Humberto grew into a hurricane early Friday morning, and the storm was expected to strengthen significantly over the weekend, but there were no immediate watches or warnings issued for the U.S. by the National Hurricane Center.
The storm is one of two systems swirling over the western Atlantic that could potentially bring some downstream impacts to parts of the Southeast U.S. coast, from Florida up to North Carolina, the director of the Miami-based hurricane center, Michael Brennan, said.
There were no coastal watches or warnings in effect due to either storm as of Friday morning.
Hurricane Humberto forecast and path
As of early Friday morning, Humberto was located about 465 miles northeast of the northern Leeward Islands.
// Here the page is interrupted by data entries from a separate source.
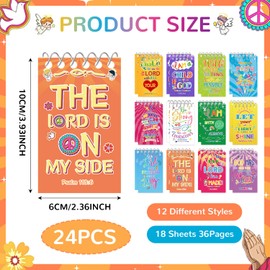 YYMYMGJ Religious Bible Verse Notepads,Jesus Love You Christian Mini Notebooks Motivational Multicolor Style Pocket Small Note Pads for Kids Adult Sunday School Supplies, 12 Styles (24 Pack)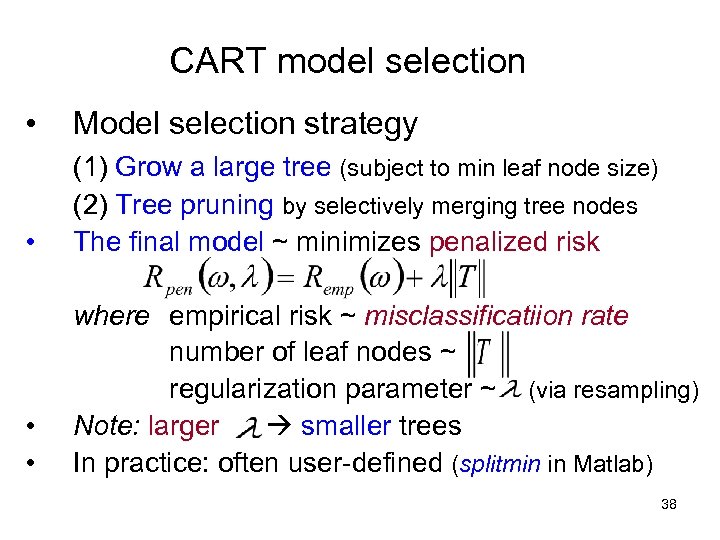 CART model selection • Model selection strategy • (1) Grow a large tree (subject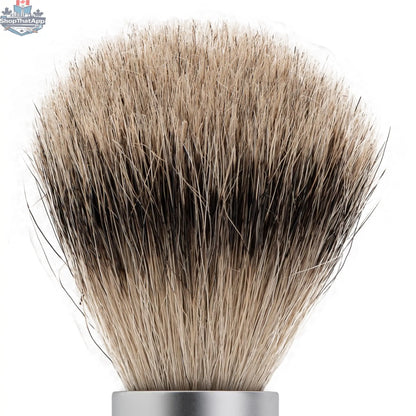 Merkur Badger Hair Shaving Brush - Silver Tip & Matt Chrome, MK-1700002 - Shopthatapp.ca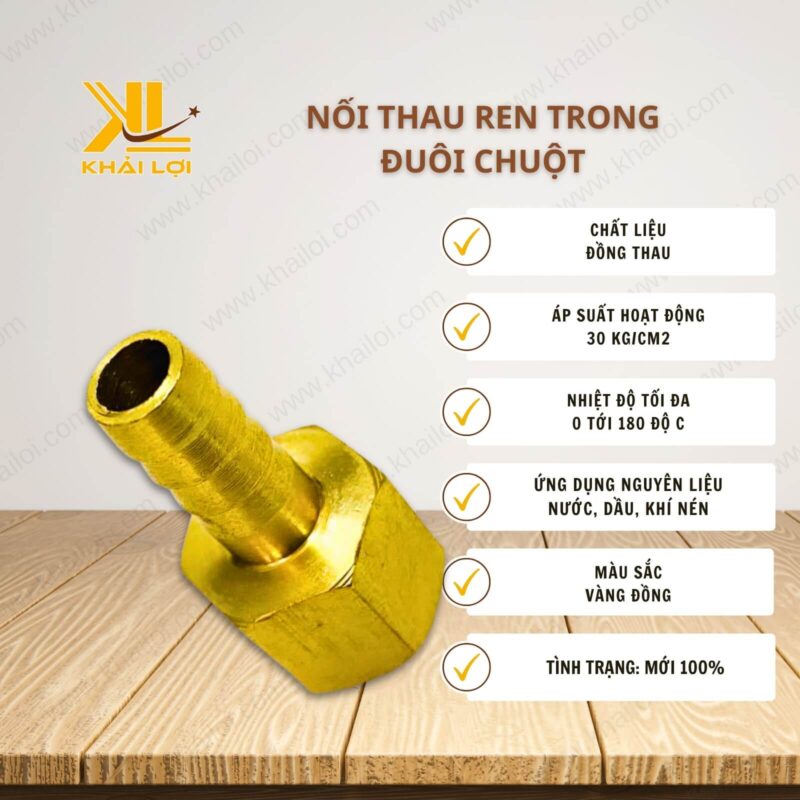 Thông số kỹ thuật Ren trong đuôi chuột thau của Vật tư công nghiệp Khải Lợi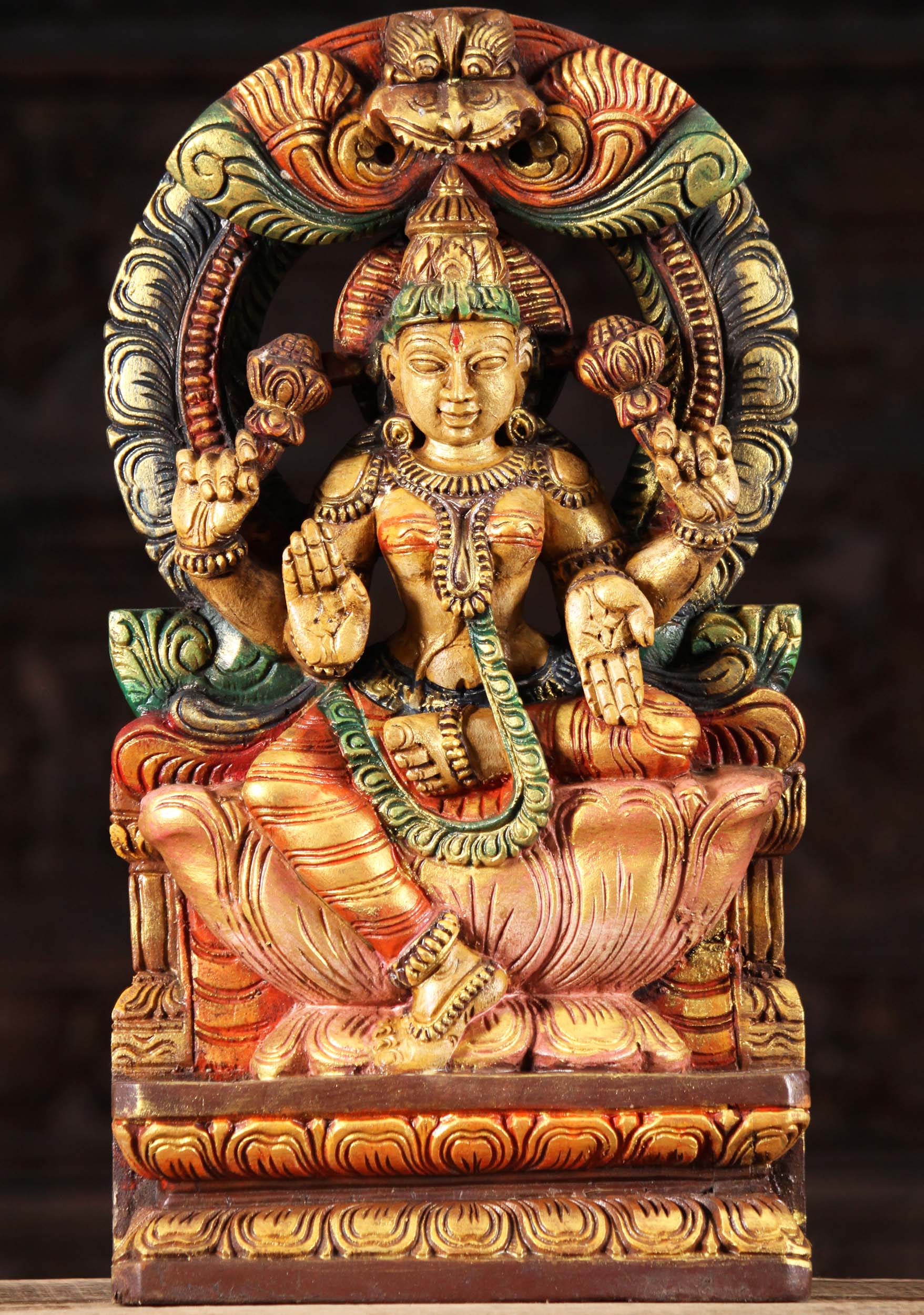 Painted Wood Lakshmi Arch Sculpture 18"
It was moving northwest at about 3 mph with maximum sustained winds of 75 mph.
“Significant strengthening is forecast, and Humberto is expected to become a major hurricane this weekend,” the hurricane center said Friday morning.
NOAA/National Hurricane Center
Tropical-storm-force winds extend outward up to 105 miles from the center of Humberto.
It is the eighth named storm of the 2025 Atlantic hurricane season. The tropical storm comes on the heels of Hurricane Gabrielle, which is not impacting land and is forecast to head farther out into the Atlantic.
Another storm system brews over the Caribbean
The hurricane center is also closely monitoring a second storm system over the northeast Caribbean in the Atlantic, near Humberto.
National Hurricane Center
The system is likely to become a tropical depression late this week, forecasters said.
It is likely to bring heavy rains near Puerto Rico and the Dominican Republic through Wednesday before strengthening near the Bahamas, according to the NHC.